For example, an end user with a handset is connected in New York on a mobile network to an IP service. His connection is bad, yet the service provider has a probe testing the server in Houston, and the performance parameters from this probe are good. How can the operator explain the customer complaint? How does the service provider learn of the trouble in its service quality?
So with probes alone, the only thing that can be verified is that the QoS is good from one probe to a server.
Bringing It All Together
To integrate these various software components, a service management system must support flexible and open interfaces on so-called “northbound” and “southbound” interfaces. The term “northbound” represents an upward interface for processed data or data loading with other OSS and BSS applications, while “southbound” represents interfaces to the sources of service quality data.
Northbound interfaces allow communication with CRM and billing. Southbound interfaces allow parameters to be collected from the systems described earlier.

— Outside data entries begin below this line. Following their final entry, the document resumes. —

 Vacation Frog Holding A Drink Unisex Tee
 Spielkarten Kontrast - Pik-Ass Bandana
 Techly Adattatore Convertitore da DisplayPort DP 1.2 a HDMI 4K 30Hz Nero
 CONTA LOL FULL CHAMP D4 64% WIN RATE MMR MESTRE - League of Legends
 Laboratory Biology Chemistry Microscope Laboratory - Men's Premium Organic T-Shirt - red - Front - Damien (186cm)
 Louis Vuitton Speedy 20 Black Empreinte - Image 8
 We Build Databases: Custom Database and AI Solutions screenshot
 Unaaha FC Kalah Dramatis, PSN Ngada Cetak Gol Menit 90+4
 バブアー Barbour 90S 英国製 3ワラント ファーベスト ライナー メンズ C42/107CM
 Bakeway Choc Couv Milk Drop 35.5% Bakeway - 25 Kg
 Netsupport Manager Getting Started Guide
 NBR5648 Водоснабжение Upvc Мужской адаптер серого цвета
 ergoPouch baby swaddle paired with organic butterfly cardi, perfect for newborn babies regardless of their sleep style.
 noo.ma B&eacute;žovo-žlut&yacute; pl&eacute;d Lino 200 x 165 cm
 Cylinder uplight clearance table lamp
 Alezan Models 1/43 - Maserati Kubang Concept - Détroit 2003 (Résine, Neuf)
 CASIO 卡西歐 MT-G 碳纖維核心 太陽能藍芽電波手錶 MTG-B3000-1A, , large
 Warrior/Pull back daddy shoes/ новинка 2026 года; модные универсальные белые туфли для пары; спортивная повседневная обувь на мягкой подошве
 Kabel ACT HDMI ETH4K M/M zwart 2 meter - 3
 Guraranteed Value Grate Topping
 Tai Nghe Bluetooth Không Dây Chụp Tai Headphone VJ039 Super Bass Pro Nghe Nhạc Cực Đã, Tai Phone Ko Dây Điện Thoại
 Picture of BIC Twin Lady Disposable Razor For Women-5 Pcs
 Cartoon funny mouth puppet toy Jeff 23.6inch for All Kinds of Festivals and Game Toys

A system can use standard industry interfaces like CORBA, but doing so implies legacy applications that understand CORBA. Today, integrations based on EAI bus technology are more flexible to interface with all types of applications. Using XML as the interface language embedded in the EAI messages could also be a key differentiator.
The successful service quality management application must encompass a variety of domains, and all aspects (network and IT) of information must be integrated so that any component that relates to the service health is taken into account, measured and analyzed in real time.
The application must reflect a true service view that is oriented toward the end user. It must aggregate and calculate information from all sources to measure and prove service health, and provide alerts when SLAs are violated. Finally, it must allow services to be monitored from an SLA standpoint, but also help to optimize the service infrastructure.
Didier Camous, Compaq TeMIP consultant, has worked on the design and delivery of network and service management solutions since 1996. Today, he is responsible for Compaq’s OSS/TeMIP technical pre-sales team. He can be reached at didier.camous@compaq.com.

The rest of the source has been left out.